A Teoria dos Esquemas, desenvolvida por Jeffrey Young, amplia a compreensão dos padrões emocionais e comportamentais que se formam ainda na infância, muitas vezes de maneira silenciosa, mas profundamente enraizada. Segundo essa abordagem, as experiências precoces com figuras cuidadoras moldam nossas crenças centrais sobre nós mesmos, os outros e o mundo.

Cada experiência significativa, de afeto, segurança, rejeição ou crítica, se transforma em uma espécie de marca emocional, um alicerce invisível sobre o qual construímos nossa forma de estar no mundo. Esse é o “chão” de que fala Lya Luft: o território emocional onde aprendemos o que é amar, ser amado, confiar, pedir ajuda, errar e ser acolhido.
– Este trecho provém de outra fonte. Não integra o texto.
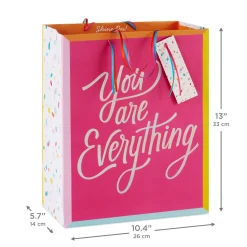 13" Pink You Are Everything Large Gift Bag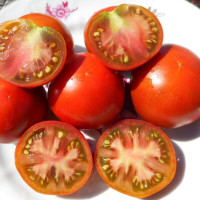Tomato seeds «Dwarf wild Fred»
Quando crescemos em um ambiente que nos ofereceu presença, validação e segurança, esse chão tende a ser firme, permitindo que caminhemos com confiança e autonomia.
Mas quando o ambiente foi marcado por abandono, rejeição, controle, imprevisibilidade ou críticas excessivas, esse terreno pode se tornar instável.
E, muitas vezes, sem perceber, passamos a reproduzir na vida adulta as mesmas dinâmicas emocionais que um dia nos feriram: os mesmos “buracos” do chão da infância.
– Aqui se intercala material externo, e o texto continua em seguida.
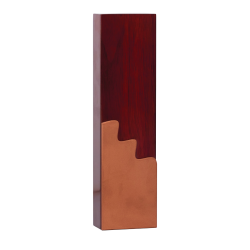 Trophée Bois  151-01- Personnalisé Logo de sport couleur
Esses padrões repetitivos são os esquemas, que se manifestam como crenças automáticas e reações emocionais intensas, frequentemente desproporcionais ao momento presente, mas coerentes com a dor antiga que os originou.
São vozes internas que dizem:
🩶 “Ninguém vai estar lá por mim.”
🩶 “Preciso ser perfeito para ser amado.”
🩶 “Não posso confiar em ninguém.”
🩶 “Minhas necessidades não importam.”

Essas vozes não são defeitos de personalidade, mas sim estratégias de sobrevivência emocional que um dia fizeram sentido.
A criança que fomos precisou se adaptar, se proteger e encontrar formas de lidar com a dor de não ser plenamente acolhida.
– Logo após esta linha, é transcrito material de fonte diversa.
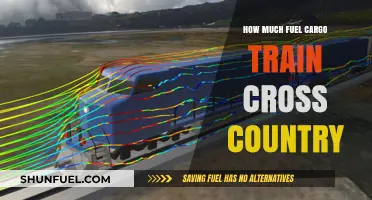 Fuel Efficiency of Cross-Country Cargo Trains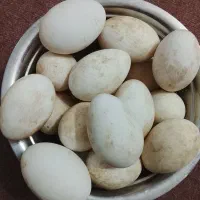 سلام 18عددتخم غاز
Por isso, compreender nossos esquemas não é um exercício de culpa, mas de compaixão.
É olhar para dentro com curiosidade e ternura, reconhecendo que parte de nós ainda carrega as feridas de uma infância que, de algum modo, buscava amor, segurança e pertencimento.

A psicoterapia, especialmente a Terapia do Esquema, nos ajuda a dar voz a essa criança interior e não para permanecermos presos ao passado, mas para curar o que ficou congelado no tempo.
Acolher essa parte é um gesto de integração: unir o adulto que somos hoje com a criança que um dia precisou ser ouvida.

Entender a infância, portanto, não é reviver o passado, mas cuidar do que ainda vive dentro de nós.
É reconstruir o chão interno com presença, paciência e amor, transformando antigas dores em novas possibilidades de ser e se relacionar.

Porque, afinal, a infância é o chão sobre o qual continuamos aprendendo a caminhar.